Voici le texte (2) : « Requête et ordonnance de Monseigneur l’intendant Portant que la création des consuls de Monfort sera faite dans les livre et coutume ancienne aux différentes (illisible) pour les consuls modernes de la ville de Monfort en voie de conserver leur service à l’hôpital d’Esclignac. Signé Lafargue

« Monseigneur Foucault, conseiller du roi au conseil d’état et ?? du registre ordre de son hostel du commissaire ?? pour sa majesté pour le registre de la généralité de Montauban Suppliant humblement les consuls de la communauté de la ville de Monfort dans le siège d’Armagnac et vous remontrer que par jugement de la chambre du domaine rendu au rapport de Monsieur de Campmair le 5 juillet dernier 1678 en les suppliant d’?? à la ?? de l’hospital d’Esclignac nouveau acquéreur du domaine de sa majesté de ladite ville ?? ?? suppliant demandant maintenir tous les droits par eux dénombrés par devant le sieur d’Aspe et devant le juge mage d’Auch rendu par la chambre la 14 janvier 1672 confirmatif de la sentence rendue par ledit sieur commissaire et avant faire droit sur la requête des dites soeurs de l’hospital d’Esclignac sur les avoirs des conclus de la dite ville et autres imaginaires droits par eux prétendue en ladite qualité de ?? acquis dudit domaine.

« Il est ordonné que ladite communauté défendrait dans la huitaine lequel jugement et suppliant sur ?? a sut signifié aux sieurs et envoyé un expert à la présente ville pour instruire et poursuivre de l’inventaire dudit jugement ?? parce que la sanction des consuls s’approche en ce qu’il est comme impossible que le jugement ?? ?? d’avant le premier de l’an prochain 1679 auquel jour les dites soeur de l’hôpital d’Esclignac ne pourraient trouver pour troubler la faction des consuls suivant ?? ?? (1 ligne) la communauté est fondée en ce pour raison de ladite sanction consulaire qui ne peut ni ne doit être troublé par ma grande autorité et comportement des dits sieurs des dits jugements de la cour.

« Vous plaira de vos grâces messeigneurs ordonnons que le premier jour de l’an prochain 1679 la sanction des consuls de la ville de Monfort se faire en la forme à manière accoutumée a suivant ?? ?? a coutume dudit aux différents sœurs de l’hôpital d’Esclignac de donner au consuls de ladite communauté aucun trouble ni empêchement.« 

Suite à ce texte de 1778, le texte de 1788 est plus lisible :

« Vu la présente requête, le jugement de la chambre du domaine du 5 juillet dernier, extrait de la délibération de la communauté de Monfort du deux du présent mois, Nous ordonnons qu’il soit octroyé le premier jour de l’année prochaine à l’élection des consuls dudit lieu de Monfort de ladite année en la manière accoutumée et suivant 80 articles de coutumes faisons défendre aux dites soeurs de l’hôpital d’Esclignac d’y apporter aucun trouble et empêchement à peine de dépens, dommage et intérêt fait à Montauban ce 28 décembre 1688.« 

En fait le hameau d’Esclignac dépendait directement des seigneurs de Preissac. Il y a toujours eu une rivalité entre la ville libre de Monfort qui dépendait directement du roi avec la Maison de Preissac, descendants des grands féodaux. Ces seigneurs de Preissac voyaient d’un très mauvais œil la présence de cette bastide gouvernée par des bourgeois et des notables qui ne se sont jamais soumis aux ordres de la noblesse environnante.

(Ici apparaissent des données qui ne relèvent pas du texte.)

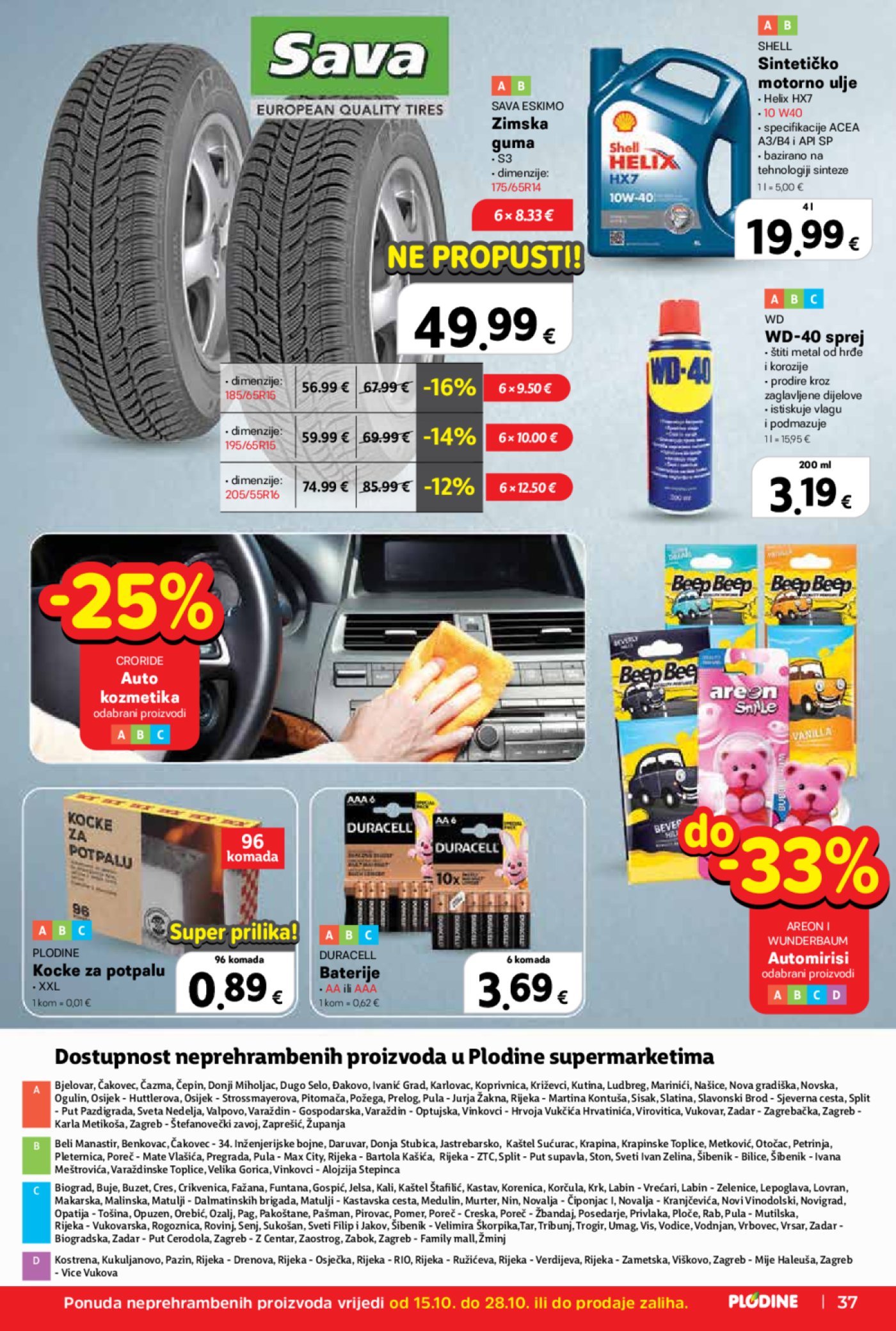 Plodine katalog Akcija 15.10. - 21.10.2025.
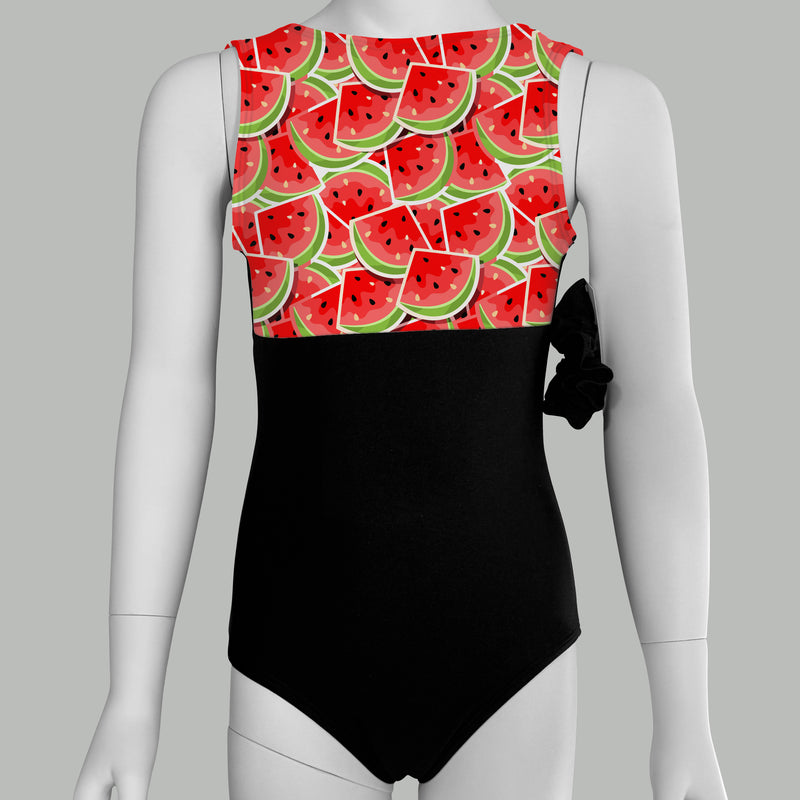 Watermelon Stickers Leotard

Il y a bien eu une tentative d’un descendant de Guillaume Saluste du Bartas de devenir seigneur de Monfort, mais il n’a pas réussi et a été littéralement éjecté de la bastide manu militari. Nous en reparlerons dans un autre article.

Géry de Broqueville

  1. Pour découvrir la maison de Preissac, le plus simple est d’aller sur Wikipedia.
  2. Archives de Monfort dont référence personnelle 9559-9562.